PRIMARY OBJECTIVES I. To assess the activity of trametinib in metastatic castration resistant prostate cancer (mCRPC) that has progressed on either enzalutamide or abiraterone acetate.

SECONDARY OBJECTIVES I. Durability of prostate specific antigen (PSA) response as measured by the time to PSA progression as defined by Prostate Cancer Working Group 2 guidelines for PSA progression.

II. Maximal PSA response. III. Quality of life by Functional Assessment of Cancer Therapy- Prostate (FACT-P).

IV. Time to initiation of alternative antineoplastic therapy. V. Time to radiographic progression. VI. Objective response rate according to Response Evaluation Criteria in Solid Tumors (RECIST) guidelines.

VII. Overall survival measured as time from enrollment until death. VIII. Safety and tolerability. IX. Analysis of trametinib target engagement of mitogen-activated extracellular signal-related kinase (MEK1/2) is assessed by presence of p-ERK, the primary phosphorylation target of activated MEK1/2, in pre-treatment and at progression radiographically directed metastatic tumor biopsies by immunohistochemistry evaluation of p-ERK. Markers of cell proliferation (Ki67) and apoptosis (p27) will also be assessed.

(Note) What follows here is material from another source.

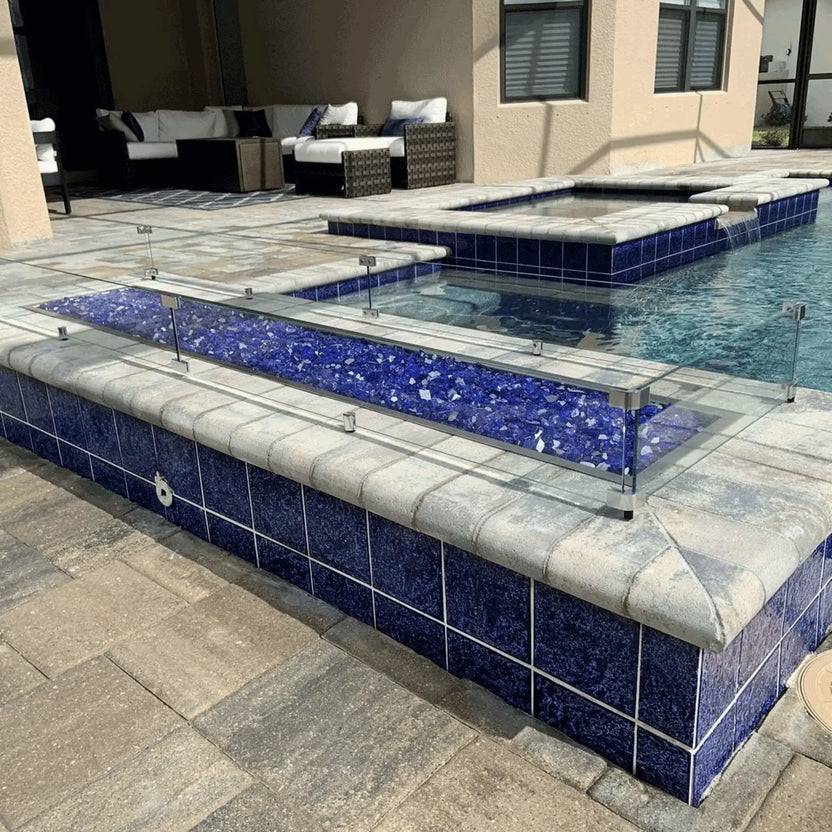 Linear rectangular fire pit installed along a raised pool edge, featuring a clear tempered glass wind guard and blue fire glass media set into a tiled outdoor pool and spa patio.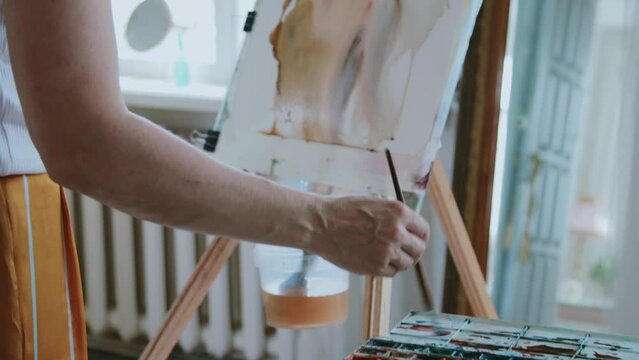 An artist at work in his studio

XI. Investigation of molecular correlates to resistance and sensitivity to trametinib using pre-treatment and at progression metastatic biopsies.

XII. Discovery of one or a set of possible discriminative networks that are associated with a response to trametinib.

XII. Enrichment for patients in the second phase who have tumors exhibiting genomic features associated with a response to trametinib.

XIV. Analyses of circulating tumor deoxyribonucleic acid (ctDNA) for genomic aberrations correlated to treatment response.

OUTLINE:

Patients receive trametinib orally (PO) once daily (QD). Treatment continues in the absence of disease progression or unacceptable toxicity.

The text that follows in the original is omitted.